Мы срываем с головы шляпы и подкидываем их в воздух. Какой-то старик в толпе рабочих стоит, сжимая в руке кепку, и со слезами на глазах смотрит вслед кораблю. Он машет промасленной кепкой, провожая взглядом свой восьмимесячный заработок.
— До свидания и — удачи!
Однако это еще не все. До наших ушей доносится незабываемый звук ломающегося дерева. Днище корабля крушит древесину и тащит огромные обломки с собой в реку, так что скоро вся поверхность воды оказывается усеянной плавающими кусками дерева.
Затем приходят в движение массивные железные цепи толщиной в человеческую руку. До этого момента они лежали двумя огромными кучами по обе стороны от стапеля. А теперь начали разматываться — сначала медленно, а затем с увеличивающейся скоростью. Гремя и подпрыгивая, они скользят в облаках пыли и обсыпающейся ржавчины, тянутся к судну, будто желая удержать его в колыбели. И вот наконец цепи полностью натянулись и замерли. Послушный корабль остановился в узком русле реки.
Я стоял на набережной с таким чувством, будто мне довелось наблюдать за рождением сказочного великана. На моих глазах он пробудился от векового сна, вырвался из пут и восстал, устремившись навстречу своей судьбе.
Я взглянул вниз сквозь жесткий деревянный каркас, где совсем недавно покоилось тело корабля, затем перевел взгляд на стального красавца — он все еще слегка подпрыгивал на волнах, словно радуясь обретенной свободе. Какой великолепный символ Глазго и Клайда!

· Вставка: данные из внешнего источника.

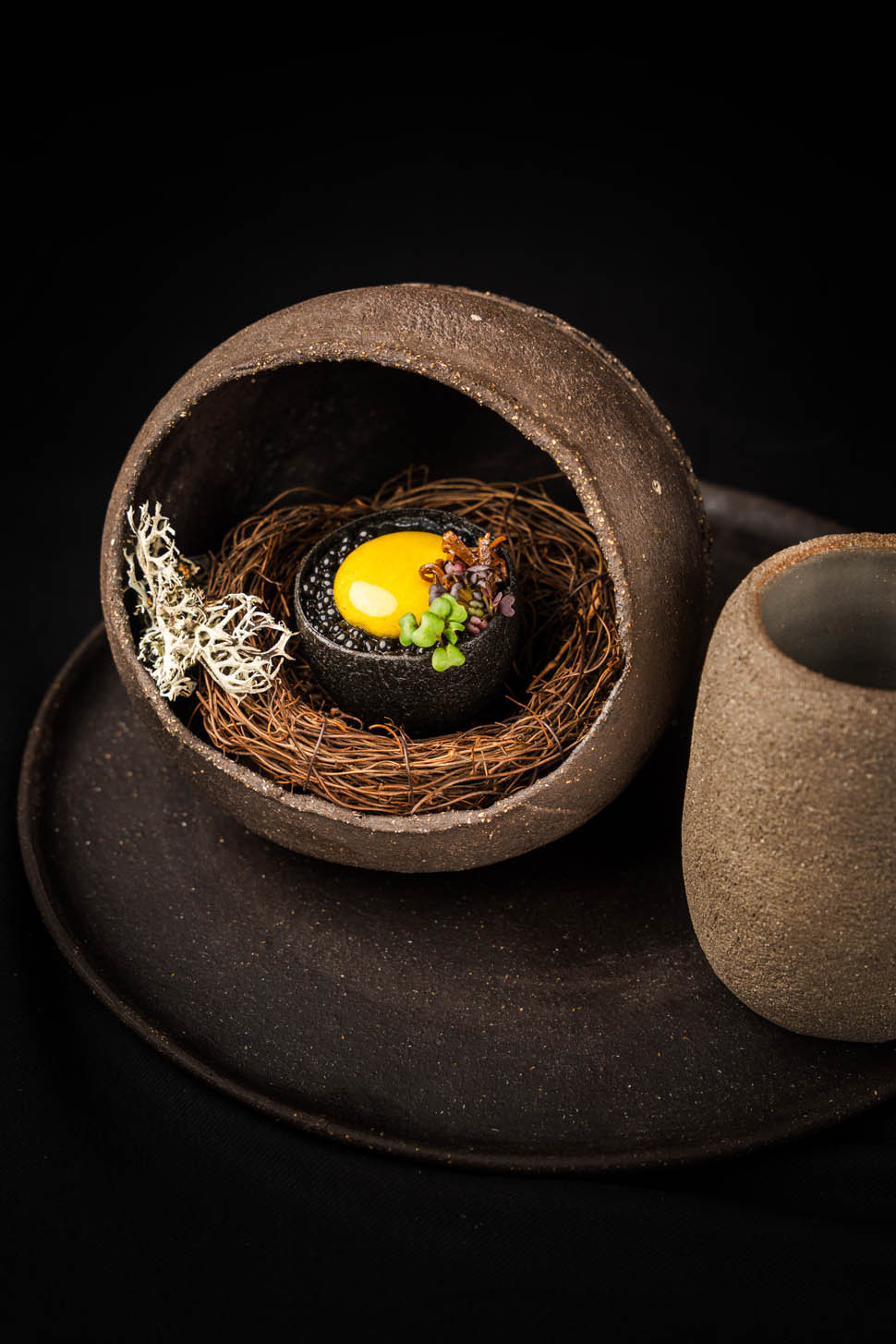 Deep in the hay Egg 1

Впереди его ждет долгая и счастливая жизнь. Этому кораблю предстоит бороздить воды океанов, заходить во множество портов и всюду нести гордое имя Глазго. Надеюсь, люди будут любить его, как любят корабли. На мостике — пока еще пустынном и голом — будут стоять отважные капитаны. Они поведут «Императрицу» сквозь бури и шторма, научат ее всему, что надо, сделают опытной и мудрой.
Но ни один капитан, ни один акционер никогда не испытает такого чувства близости и сопричастности, как мы — те, кто наблюдал за ее рождением, видел, как она, такая нагая и юная, плавно выскользнула из нянчивших ее людских рук в темное гостеприимство Клайда.